• Required work: Reproduce word for word every line from the one containing "Skylar Table Lamp - Image 20" to the final line of the data below; omit the pictures.

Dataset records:
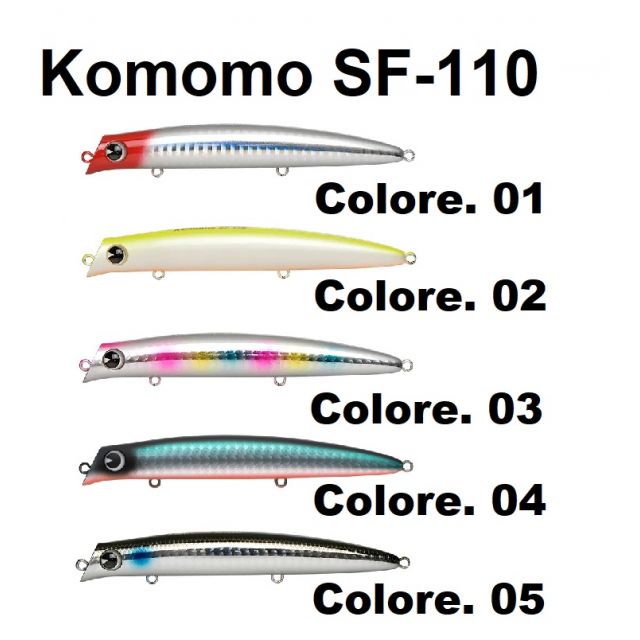 Ima - Komomo SF-110 - 01049**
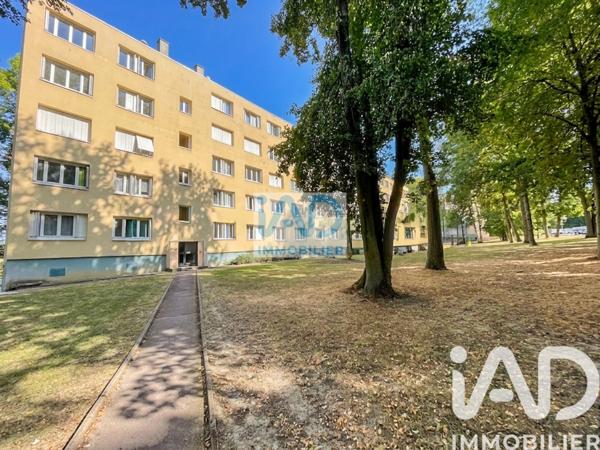 Appartement à vendre 4 pièces 58 m² Saint-Germain-lès-Arpajon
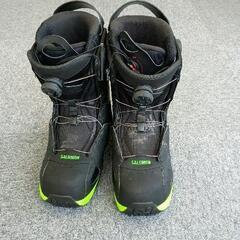0605-133 SALOMON スノーボードブーツ　26cm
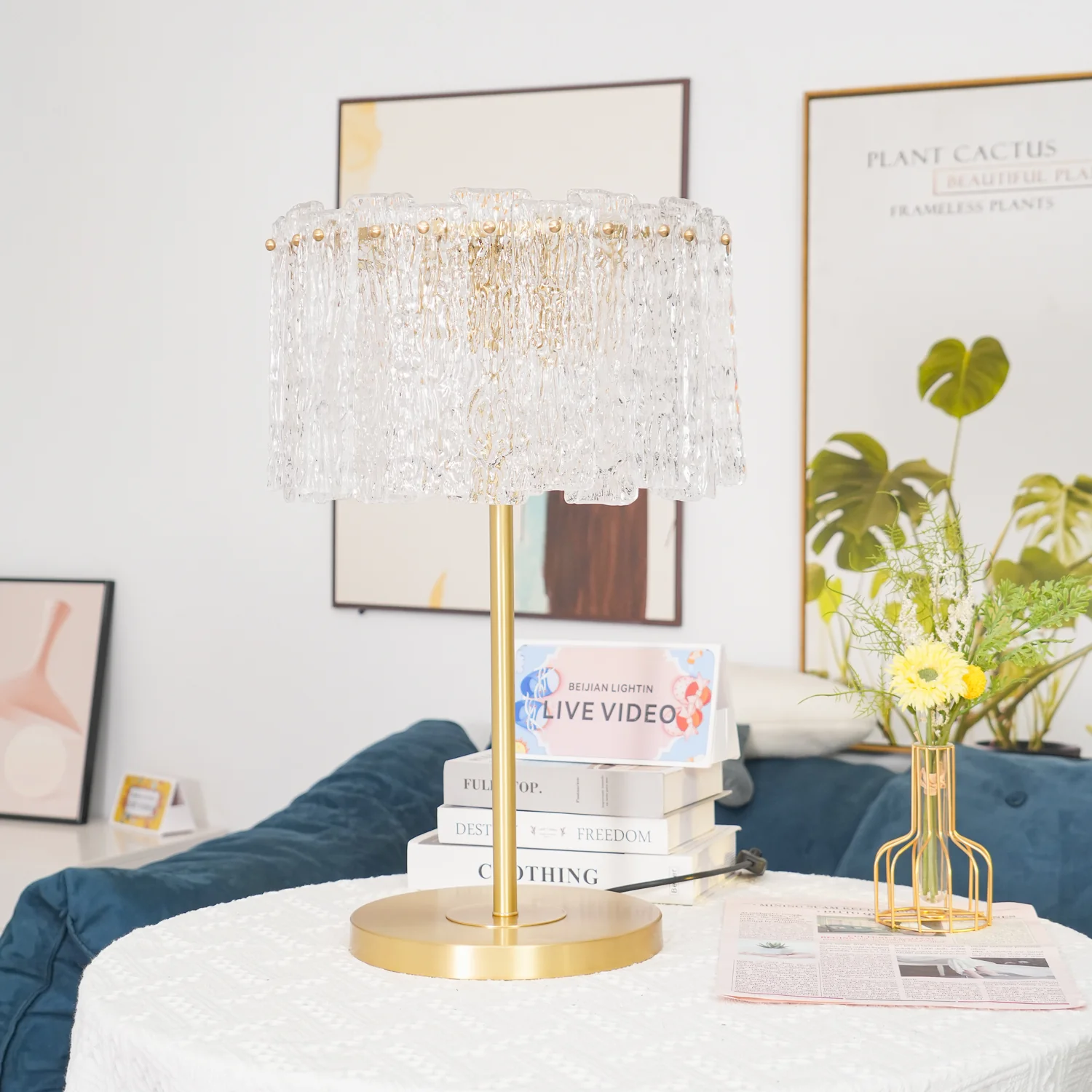 Skylar Table Lamp - Image 20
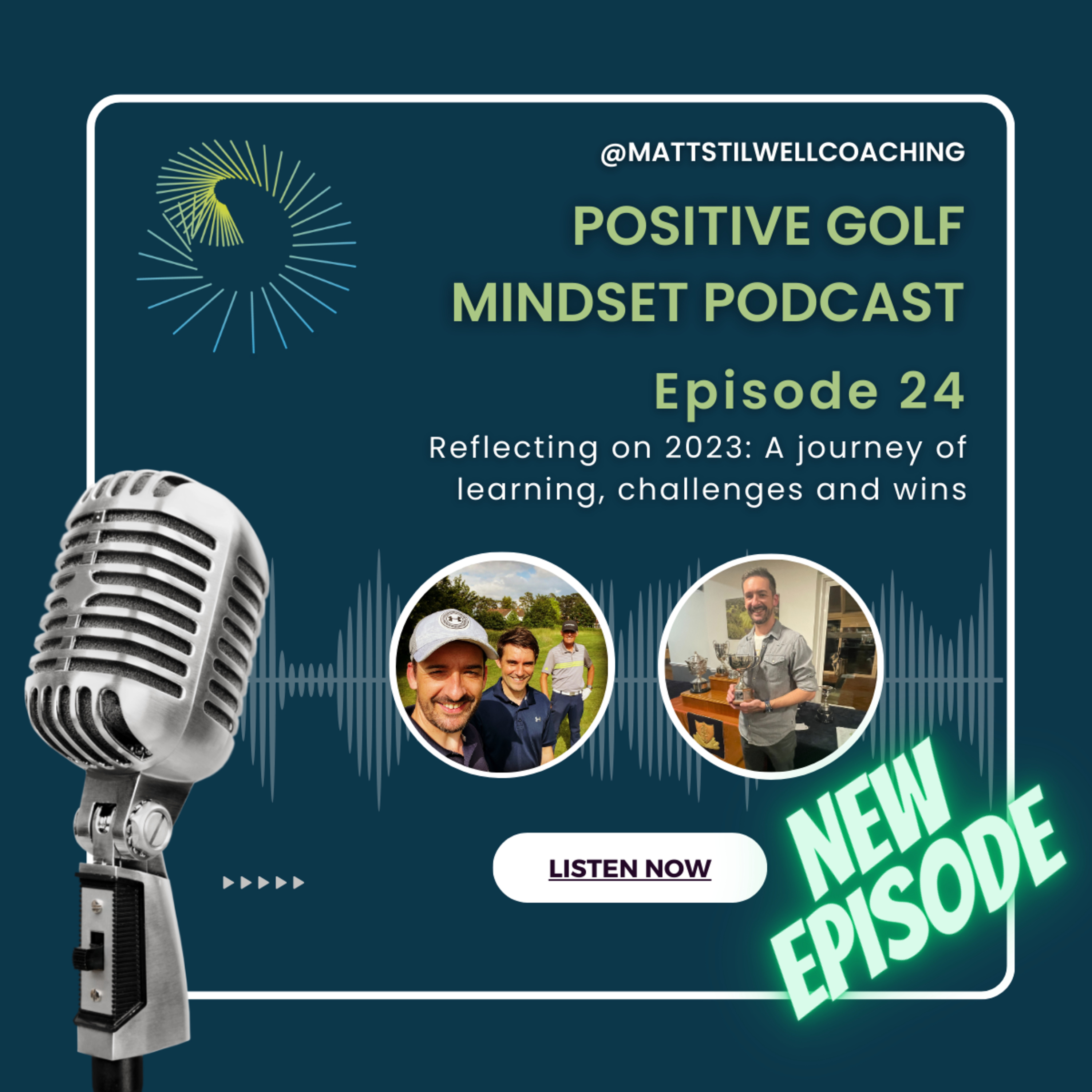 Positive Golf Mindset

• Problem solution:
 Skylar Table Lamp - Image 20
 Positive Golf Mindset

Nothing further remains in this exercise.